La perplexité laissa la place à l’action. J’avoue très franchement qu’écrasé de toute part, n’y voyant rien, supportant les odeurs corporelles des uns et des autres, gigotant comme je pouvais, discernant à peine la lumière du plafond, je me suis demandé ce que je faisais là ! Ma perception de la danse en prenait un sacré coup !

Moi qui aimais m’éclater sur de la musique soul américaine, je me retrouvais prisonnier d’un Etna dansant.
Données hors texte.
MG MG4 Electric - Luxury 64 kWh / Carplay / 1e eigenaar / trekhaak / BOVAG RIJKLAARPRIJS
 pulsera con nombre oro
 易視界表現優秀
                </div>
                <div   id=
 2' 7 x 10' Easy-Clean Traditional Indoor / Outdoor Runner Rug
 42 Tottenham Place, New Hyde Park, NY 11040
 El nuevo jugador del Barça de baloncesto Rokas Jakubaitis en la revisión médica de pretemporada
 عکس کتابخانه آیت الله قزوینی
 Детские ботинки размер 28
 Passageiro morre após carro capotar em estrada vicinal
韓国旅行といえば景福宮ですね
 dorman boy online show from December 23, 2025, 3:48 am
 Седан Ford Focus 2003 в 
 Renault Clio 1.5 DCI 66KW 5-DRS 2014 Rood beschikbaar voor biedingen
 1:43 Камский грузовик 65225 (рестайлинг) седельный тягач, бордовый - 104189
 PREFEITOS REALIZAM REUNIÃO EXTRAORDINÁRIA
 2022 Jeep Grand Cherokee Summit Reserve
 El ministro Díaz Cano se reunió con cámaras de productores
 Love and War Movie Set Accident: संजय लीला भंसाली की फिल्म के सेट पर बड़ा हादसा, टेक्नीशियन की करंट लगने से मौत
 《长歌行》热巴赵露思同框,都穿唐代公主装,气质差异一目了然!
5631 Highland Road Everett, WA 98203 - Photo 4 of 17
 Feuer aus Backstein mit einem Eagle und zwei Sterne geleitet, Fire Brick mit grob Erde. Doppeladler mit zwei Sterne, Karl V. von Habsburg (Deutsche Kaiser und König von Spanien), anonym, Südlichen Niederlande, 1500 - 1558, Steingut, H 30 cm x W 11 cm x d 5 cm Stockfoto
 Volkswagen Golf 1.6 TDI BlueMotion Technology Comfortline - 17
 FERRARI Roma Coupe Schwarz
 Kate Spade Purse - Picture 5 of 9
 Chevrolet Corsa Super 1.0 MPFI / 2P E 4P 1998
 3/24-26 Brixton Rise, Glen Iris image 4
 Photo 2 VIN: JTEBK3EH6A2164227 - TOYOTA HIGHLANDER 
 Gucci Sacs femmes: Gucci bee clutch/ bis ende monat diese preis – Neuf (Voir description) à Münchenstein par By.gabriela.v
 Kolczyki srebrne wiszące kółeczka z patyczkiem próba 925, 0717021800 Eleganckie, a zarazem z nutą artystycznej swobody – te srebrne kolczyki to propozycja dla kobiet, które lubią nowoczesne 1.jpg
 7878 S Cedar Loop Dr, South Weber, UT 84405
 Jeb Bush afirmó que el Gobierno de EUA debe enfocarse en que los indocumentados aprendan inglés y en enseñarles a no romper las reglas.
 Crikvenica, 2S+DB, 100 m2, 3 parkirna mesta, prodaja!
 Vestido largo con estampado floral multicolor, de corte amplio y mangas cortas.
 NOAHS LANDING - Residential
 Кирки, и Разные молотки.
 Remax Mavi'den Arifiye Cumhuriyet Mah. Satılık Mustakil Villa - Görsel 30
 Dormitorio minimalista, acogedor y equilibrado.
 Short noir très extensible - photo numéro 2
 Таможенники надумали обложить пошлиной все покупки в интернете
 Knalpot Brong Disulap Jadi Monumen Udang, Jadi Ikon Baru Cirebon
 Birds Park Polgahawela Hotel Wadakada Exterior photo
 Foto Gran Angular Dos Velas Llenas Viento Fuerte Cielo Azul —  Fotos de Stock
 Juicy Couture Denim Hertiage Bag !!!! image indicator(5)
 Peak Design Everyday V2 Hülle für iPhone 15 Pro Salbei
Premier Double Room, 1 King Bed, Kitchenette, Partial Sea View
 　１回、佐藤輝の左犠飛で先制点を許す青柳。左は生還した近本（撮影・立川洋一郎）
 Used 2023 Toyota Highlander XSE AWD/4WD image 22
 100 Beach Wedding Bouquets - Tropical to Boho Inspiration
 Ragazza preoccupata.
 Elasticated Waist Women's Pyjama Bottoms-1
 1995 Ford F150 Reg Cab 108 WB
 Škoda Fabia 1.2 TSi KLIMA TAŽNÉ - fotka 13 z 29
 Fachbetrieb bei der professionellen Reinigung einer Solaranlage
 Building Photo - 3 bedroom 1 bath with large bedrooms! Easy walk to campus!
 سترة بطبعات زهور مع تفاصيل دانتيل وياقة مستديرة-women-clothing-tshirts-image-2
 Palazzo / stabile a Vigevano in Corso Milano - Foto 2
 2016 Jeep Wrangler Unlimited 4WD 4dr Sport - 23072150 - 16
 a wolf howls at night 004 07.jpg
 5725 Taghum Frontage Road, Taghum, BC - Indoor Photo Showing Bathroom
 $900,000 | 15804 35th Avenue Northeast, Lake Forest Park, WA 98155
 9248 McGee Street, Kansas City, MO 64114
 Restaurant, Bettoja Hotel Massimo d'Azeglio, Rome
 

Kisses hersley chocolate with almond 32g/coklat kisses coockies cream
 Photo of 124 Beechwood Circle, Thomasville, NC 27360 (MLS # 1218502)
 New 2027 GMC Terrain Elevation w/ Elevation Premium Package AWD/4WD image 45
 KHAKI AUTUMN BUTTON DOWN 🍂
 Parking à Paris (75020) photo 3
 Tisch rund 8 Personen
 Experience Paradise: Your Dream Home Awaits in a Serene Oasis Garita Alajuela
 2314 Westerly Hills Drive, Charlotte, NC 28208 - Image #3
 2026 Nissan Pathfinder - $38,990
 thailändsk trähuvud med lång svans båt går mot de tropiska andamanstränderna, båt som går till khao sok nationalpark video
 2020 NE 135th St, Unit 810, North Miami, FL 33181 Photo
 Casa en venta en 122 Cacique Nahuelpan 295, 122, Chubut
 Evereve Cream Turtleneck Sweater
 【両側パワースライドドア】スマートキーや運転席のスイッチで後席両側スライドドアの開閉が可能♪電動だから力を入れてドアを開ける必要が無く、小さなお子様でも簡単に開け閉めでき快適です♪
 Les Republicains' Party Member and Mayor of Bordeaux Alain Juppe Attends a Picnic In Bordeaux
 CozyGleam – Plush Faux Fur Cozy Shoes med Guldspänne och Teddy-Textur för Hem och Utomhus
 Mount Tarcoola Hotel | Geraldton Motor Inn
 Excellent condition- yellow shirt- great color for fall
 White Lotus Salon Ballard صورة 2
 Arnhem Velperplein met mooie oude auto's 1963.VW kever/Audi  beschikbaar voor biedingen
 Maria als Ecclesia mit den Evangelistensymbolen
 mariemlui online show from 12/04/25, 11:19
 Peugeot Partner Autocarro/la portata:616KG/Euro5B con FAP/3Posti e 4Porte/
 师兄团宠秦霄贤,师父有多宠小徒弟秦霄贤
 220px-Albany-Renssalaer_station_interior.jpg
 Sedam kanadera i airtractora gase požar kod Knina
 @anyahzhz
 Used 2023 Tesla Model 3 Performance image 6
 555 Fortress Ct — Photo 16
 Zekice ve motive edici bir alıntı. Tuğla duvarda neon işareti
Une angoisse commença à m’étreindre et l’idée de fuir ce piège de lave humaine germa peu à peu en moi. Tout à coup, les corps se mirent à l’unisson, je sentis progressivement s’installer une sorte de battement collectif, de musique sensorielle. Je fermai les yeux, pris dans cette nasse étrange. Un plaisir singulier m’envahit, je n’avais jamais vécu cela, l’écoute était totale. Lentement, les corps se démêlèrent et glissèrent, seuls ou à plusieurs, selon des trajectoires qui leur étaient propres. La musique aux colorations spatiales, qui accompagnait ce travail, baissa progressivement, un silence succéda à la danse. Les corps étaient tous immobiles aux quatre coins du studio, certains encore enchevêtrés, une ambiance feutrée et douce, sans exubérance, enveloppait la salle. Le changement de groupe me permit d’apprécier visuellement ce que je venais de vivre. Je fus séduit par ce que je voyais, car une émotion plastique se dégageait de cette composition étonnante qui prenait la forme d’une installation.

J’y retournai joyeusement pour une seconde tentative.

Je n’ai jamais manqué ma séance hebdomadaire d’atelier.

Puis cette grande brune lunaire partit vers d’autres cieux et me confia les clés du royaume.

Ce fut un honneur, mais une peur aussi de ne pas être à la hauteur de cette responsabilité. Les élèves comme les danseurs me le rendirent au centuple.

Encore aujourd’hui, la danse contemporaine ne m’a toujours pas quitté.